§ **Given material**:
■ ■ ■

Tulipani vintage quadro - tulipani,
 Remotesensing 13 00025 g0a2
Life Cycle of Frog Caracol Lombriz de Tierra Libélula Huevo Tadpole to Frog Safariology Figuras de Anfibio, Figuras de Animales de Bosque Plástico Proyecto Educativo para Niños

■ ■ ■

§ **How to complete this task**:
Nothing should be left out or altered, so reproduce the whole listing.

§ **Task solution**:
Tulipani vintage quadro - tulipani,
 Remotesensing 13 00025 g0a2
Life Cycle of Frog Caracol Lombriz de Tierra Libélula Huevo Tadpole to Frog Safariology Figuras de Anfibio, Figuras de Animales de Bosque Plástico Proyecto Educativo para Niños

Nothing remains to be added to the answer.